Extract the entries in their exact form.

[Crawled caption data]
========

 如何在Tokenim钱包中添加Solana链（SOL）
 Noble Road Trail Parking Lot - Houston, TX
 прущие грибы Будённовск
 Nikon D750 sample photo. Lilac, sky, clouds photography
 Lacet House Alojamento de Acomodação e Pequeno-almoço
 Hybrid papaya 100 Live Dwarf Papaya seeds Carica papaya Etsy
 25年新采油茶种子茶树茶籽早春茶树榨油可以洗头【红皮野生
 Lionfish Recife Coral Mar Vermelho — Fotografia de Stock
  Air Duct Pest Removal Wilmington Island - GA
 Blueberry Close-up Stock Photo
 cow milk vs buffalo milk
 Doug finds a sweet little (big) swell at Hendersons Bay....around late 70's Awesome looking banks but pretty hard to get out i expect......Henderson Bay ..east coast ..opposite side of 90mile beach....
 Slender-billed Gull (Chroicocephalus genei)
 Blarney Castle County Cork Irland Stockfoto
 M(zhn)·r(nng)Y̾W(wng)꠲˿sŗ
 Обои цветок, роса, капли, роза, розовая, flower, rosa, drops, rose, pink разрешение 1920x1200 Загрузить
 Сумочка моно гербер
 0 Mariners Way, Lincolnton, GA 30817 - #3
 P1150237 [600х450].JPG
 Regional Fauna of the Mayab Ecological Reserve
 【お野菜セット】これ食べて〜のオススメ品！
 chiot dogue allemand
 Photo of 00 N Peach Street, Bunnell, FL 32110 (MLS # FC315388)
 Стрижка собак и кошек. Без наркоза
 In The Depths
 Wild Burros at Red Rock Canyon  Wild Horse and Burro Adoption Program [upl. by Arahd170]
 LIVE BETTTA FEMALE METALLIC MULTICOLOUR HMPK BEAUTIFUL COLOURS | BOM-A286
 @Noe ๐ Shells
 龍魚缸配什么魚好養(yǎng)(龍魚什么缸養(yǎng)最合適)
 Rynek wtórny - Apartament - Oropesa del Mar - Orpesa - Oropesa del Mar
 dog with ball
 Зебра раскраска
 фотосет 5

========

__Answer area__
 如何在Tokenim钱包中添加Solana链（SOL）
 Noble Road Trail Parking Lot - Houston, TX
 прущие грибы Будённовск
 Nikon D750 sample photo. Lilac, sky, clouds photography
 Lacet House Alojamento de Acomodação e Pequeno-almoço
 Hybrid papaya 100 Live Dwarf Papaya seeds Carica papaya Etsy
 25年新采油茶种子茶树茶籽早春茶树榨油可以洗头【红皮野生
 Lionfish Recife Coral Mar Vermelho — Fotografia de Stock
  Air Duct Pest Removal Wilmington Island - GA
 Blueberry Close-up Stock Photo
 cow milk vs buffalo milk
 Doug finds a sweet little (big) swell at Hendersons Bay....around late 70's Awesome looking banks but pretty hard to get out i expect......Henderson Bay ..east coast ..opposite side of 90mile beach....
 Slender-billed Gull (Chroicocephalus genei)
 Blarney Castle County Cork Irland Stockfoto
 M(zhn)·r(nng)Y̾W(wng)꠲˿sŗ
 Обои цветок, роса, капли, роза, розовая, flower, rosa, drops, rose, pink разрешение 1920x1200 Загрузить
 Сумочка моно гербер
 0 Mariners Way, Lincolnton, GA 30817 - #3
 P1150237 [600х450].JPG
 Regional Fauna of the Mayab Ecological Reserve
 【お野菜セット】これ食べて〜のオススメ品！
 chiot dogue allemand
 Photo of 00 N Peach Street, Bunnell, FL 32110 (MLS # FC315388)
 Стрижка собак и кошек. Без наркоза
 In The Depths
 Wild Burros at Red Rock Canyon  Wild Horse and Burro Adoption Program [upl. by Arahd170]
 LIVE BETTTA FEMALE METALLIC MULTICOLOUR HMPK BEAUTIFUL COLOURS | BOM-A286
 @Noe ๐ Shells
 龍魚缸配什么魚好養(yǎng)(龍魚什么缸養(yǎng)最合適)
 Rynek wtórny - Apartament - Oropesa del Mar - Orpesa - Oropesa del Mar
 dog with ball
 Зебра раскраска
 фотосет 5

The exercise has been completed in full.